Thanksgiving Leftover Empanadas
- Yield About 30 Empanadas
- Prep 45 Minutes
- Inactive 1 Hour
- Cook 25 Minutes
- Total 2 Hours 10 Minutes
- For the Dough
- 4 cups all-purpose flour, plus more for dusting the work surface
- 1 tablespoon sugar
- 2 teaspoons kosher salt
- 16 tablespoons unsalted butter (2 sticks), cut into 1/2-inch cubes
- 1 large egg, beaten
- 3/4 cup cold water, plus more as needed
- For the Filling
- 2 tablespoons unsalted butter
- 1/2 cup finely diced onion (about 1/2 a medium onion)
- 1/4 cup finely diced celery (about 1 large stalk)
- 1/4 cup finely diced carrot (about 1 medium carrot)
- 2 teaspoons finely chopped fresh thyme
- 1 teaspoon finely minced fresh garlic (about 1 medium cloves)

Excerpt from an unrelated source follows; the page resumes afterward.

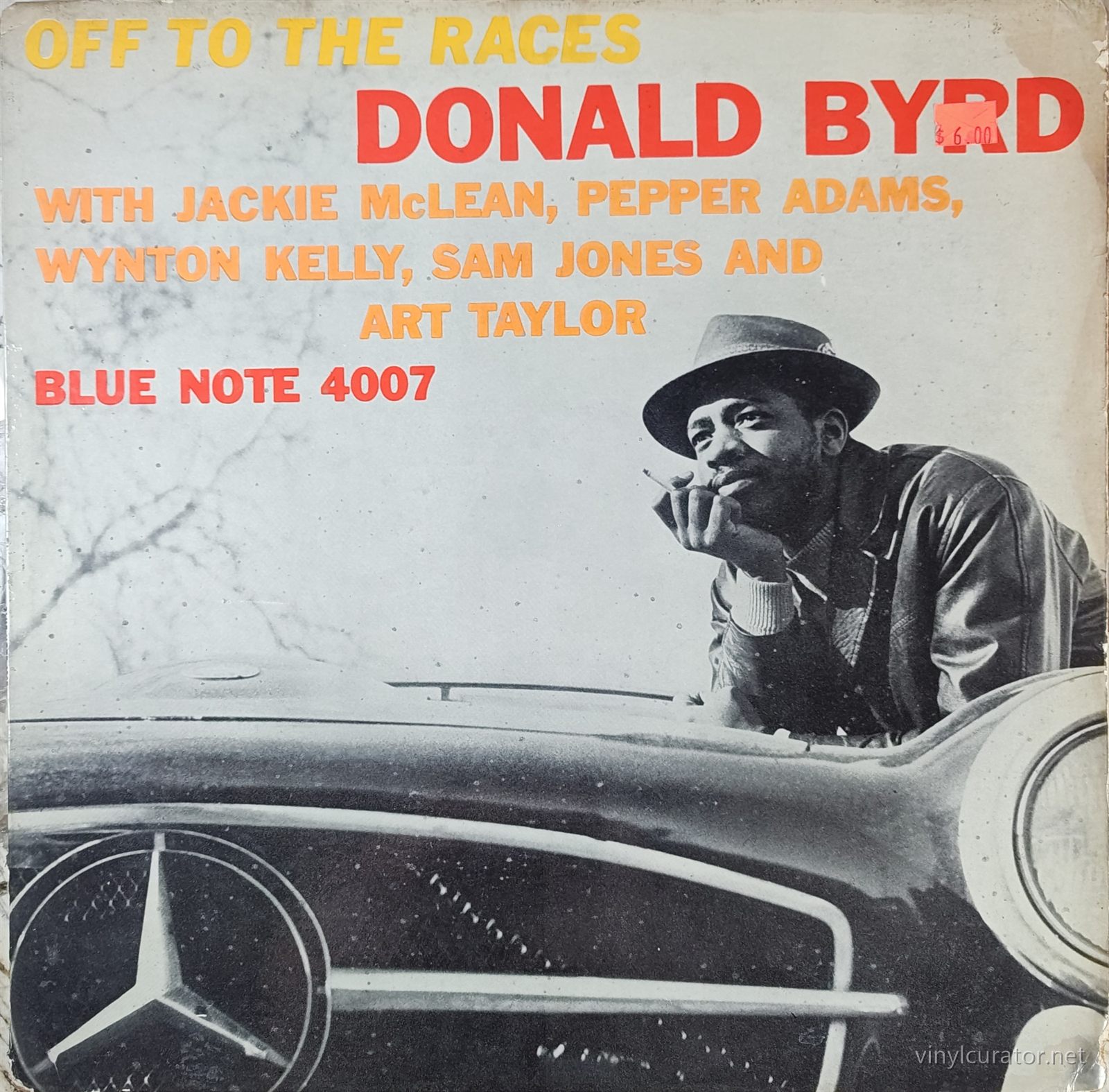 Donald Byrd - Off to the Races: Front Cover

- 1 1/2 cups roughly chopped leftover turkey
- 1 1/2 cups mashed potatoes
- 3 oz grated white cheddar
- Kosher salt
- Freshly ground black pepper, to taste
- 1 large egg, beaten
- 1 cup turkey gravy, warmed (optional)
- 1 cup cranberry sauce (optional)
- To make the dough: In a medium bowl, whisk together flour, sugar, and salt. Add in butter cubes and toss to break up and coat in flour. Using a pastry blender, cut butter into flour until butter is broken down to the size of small peas and flour has a mealy texture. Add in water and egg. Using a rubber spatula, gently knead dough, pushing it against sides of bowl, until a shaggy ball forms. If a dough ball is not forming, add in additional cold water, one tablespoon at a time, until a ball forms. Divide dough in half and gently press each piece into a roughly 6-inch disc. Wrap each piece of dough in plastic wrap and place in refrigerator for 1 hour and up to 2 days.

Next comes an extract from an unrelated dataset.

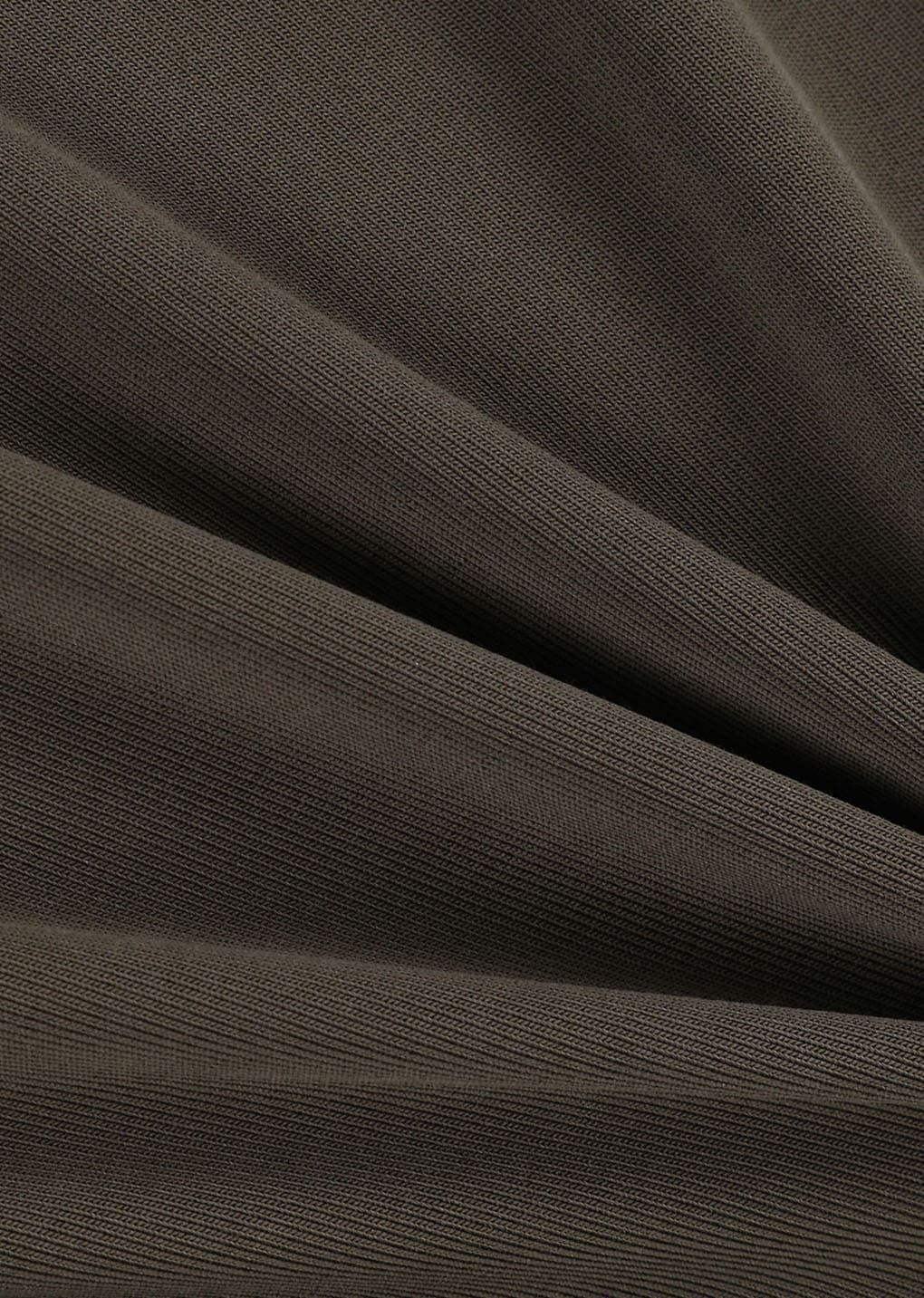 jersey hooded jumper, brown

- To make the filling: Melt butter in a small saucepan set over medium heat. When foaming subsides, add in onion, celery, and carrot and cook, stirring occasionally, until vegetables have softened, but not browned, about 8 minutes. Stir in thyme and garlic and cook until fragrant, about 1 minute. Remove pan from heat and set aside.
- In a medium bowl, mix together turkey, mashed potatoes, cheese, and vegetable mixture. Season filling with salt and pepper to taste.

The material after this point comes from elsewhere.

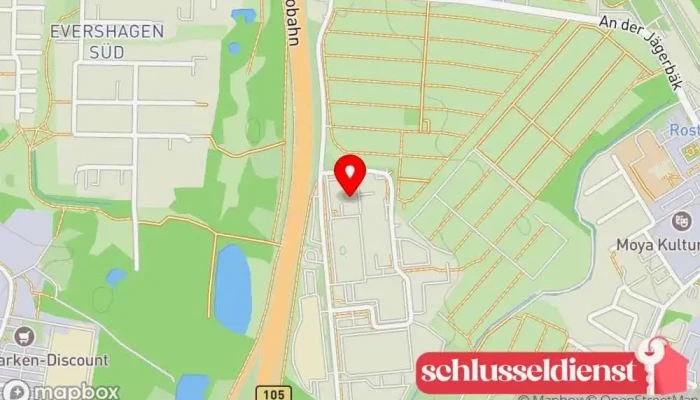 Karte von SUR Laser- und Metalltechnik GmbH Metallbauunternehmen in Rostock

- Preheat oven to 425 degrees. Remove 1 disc of dough from the refrigerator. Roll the dough out on a lightly floured work surface until about 1/8 inch thick. Using a 3 1/2-inch round biscuit cutter, cut out rounds and remove excess dough, saving for later. Place a heaping tablespoon of filling in the middle of each dough round. Seal dough around filling and crimp shut with fingers or the tines of a fork. Transfer empanadas to a parchment-lined baking sheet. Repeat process with second disc of dough and then saved excess dough.
- Brush empanadas with beaten egg. Transfer baking sheets to oven and bake until empanadas are golden brown, 20 to 25 minutes, switching and rotating the trays halfway through the baking time. Remove baking sheets from oven and let cool for 5 minutes. Transfer empanadas to a serving platter and serve with gravy and cranberry sauce, if desired.